→ **EXERCISE PROMPT**:
Please retype the entries below exactly, only from their first line through the line containing "Laptop cũ Lenovol", leaving every picture out.

[Short web captions]
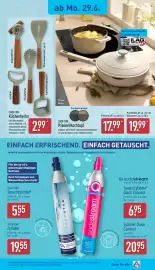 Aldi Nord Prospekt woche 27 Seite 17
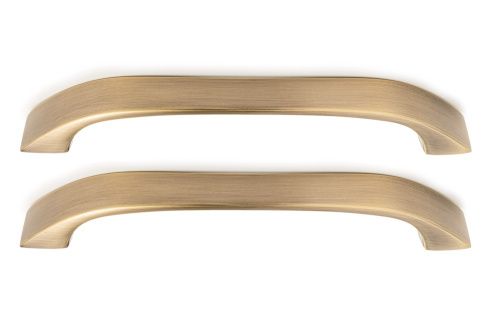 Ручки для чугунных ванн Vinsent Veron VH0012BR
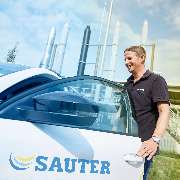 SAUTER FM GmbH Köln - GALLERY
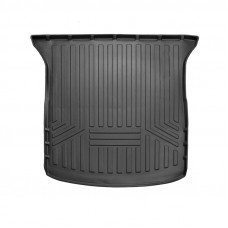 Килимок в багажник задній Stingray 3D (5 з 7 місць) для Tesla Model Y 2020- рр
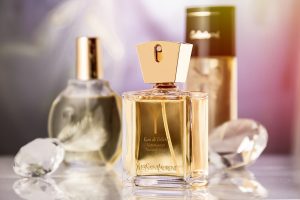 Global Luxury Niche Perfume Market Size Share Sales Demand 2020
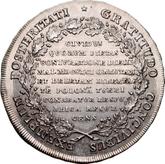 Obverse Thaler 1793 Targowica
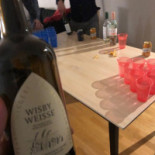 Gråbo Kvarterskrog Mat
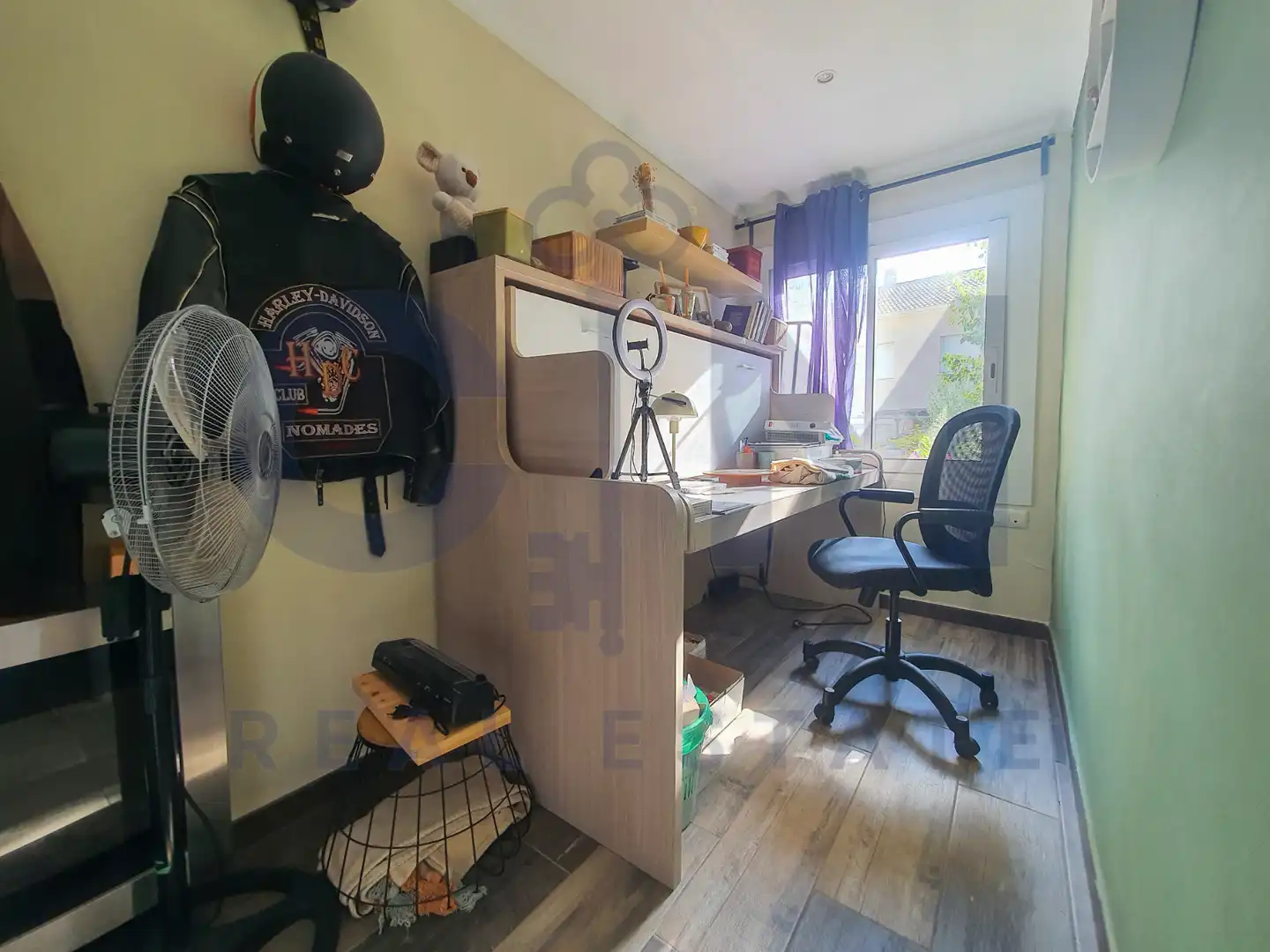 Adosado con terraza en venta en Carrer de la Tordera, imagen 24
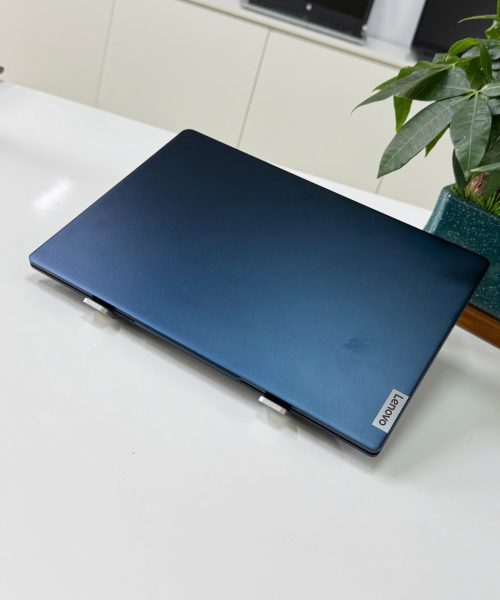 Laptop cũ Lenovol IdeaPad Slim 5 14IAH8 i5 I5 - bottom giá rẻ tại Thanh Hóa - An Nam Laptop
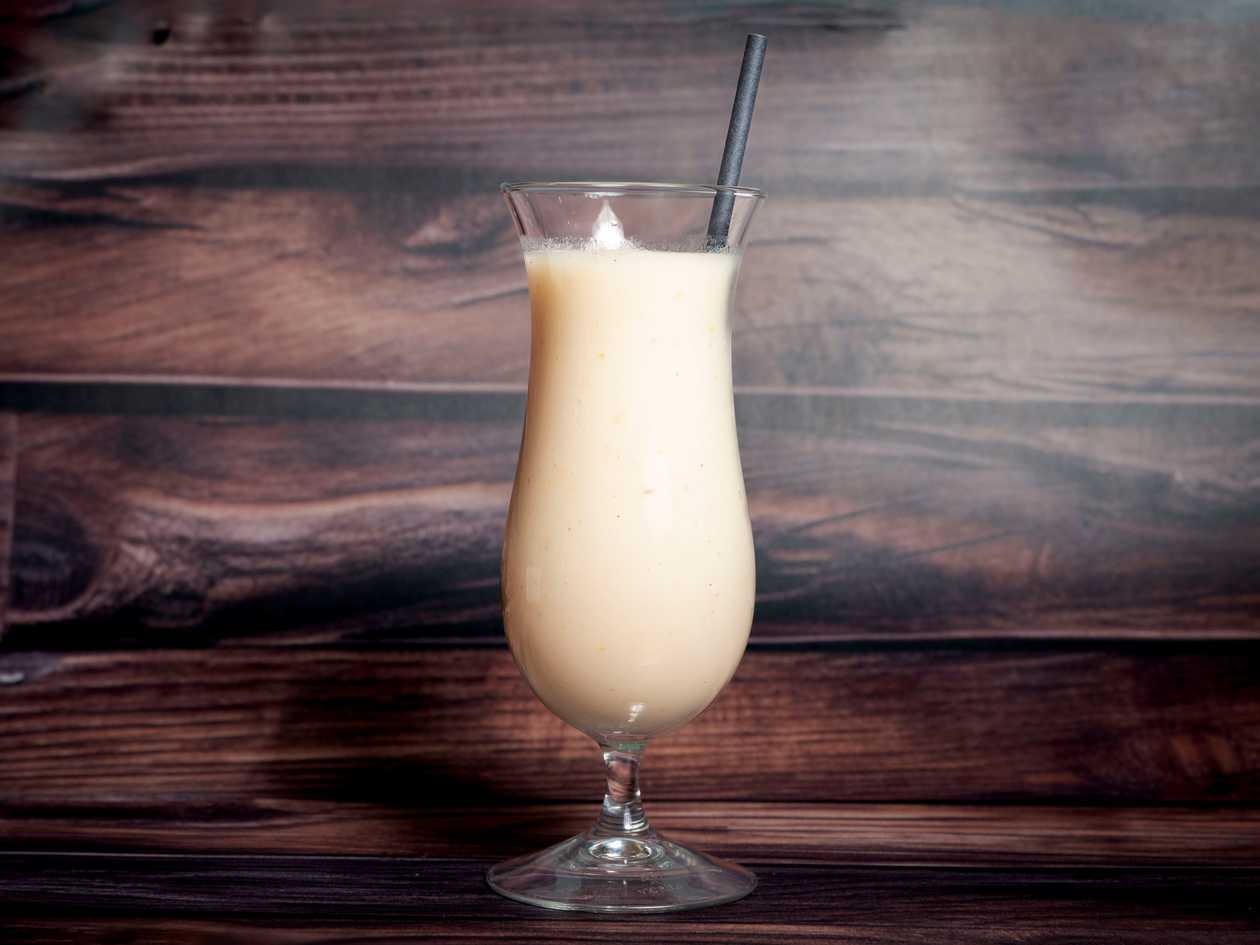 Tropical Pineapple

→ **ANSWER BOX**:
 Aldi Nord Prospekt woche 27 Seite 17
 Ручки для чугунных ванн Vinsent Veron VH0012BR
 SAUTER FM GmbH Köln - GALLERY
 Килимок в багажник задній Stingray 3D (5 з 7 місць) для Tesla Model Y 2020- рр
 Global Luxury Niche Perfume Market Size Share Sales Demand 2020
 Obverse Thaler 1793 Targowica
 Gråbo Kvarterskrog Mat
 Adosado con terraza en venta en Carrer de la Tordera, imagen 24
 Laptop cũ Lenovol IdeaPad Slim 5 14IAH8 i5 I5 - bottom giá rẻ tại Thanh Hóa - An Nam Laptop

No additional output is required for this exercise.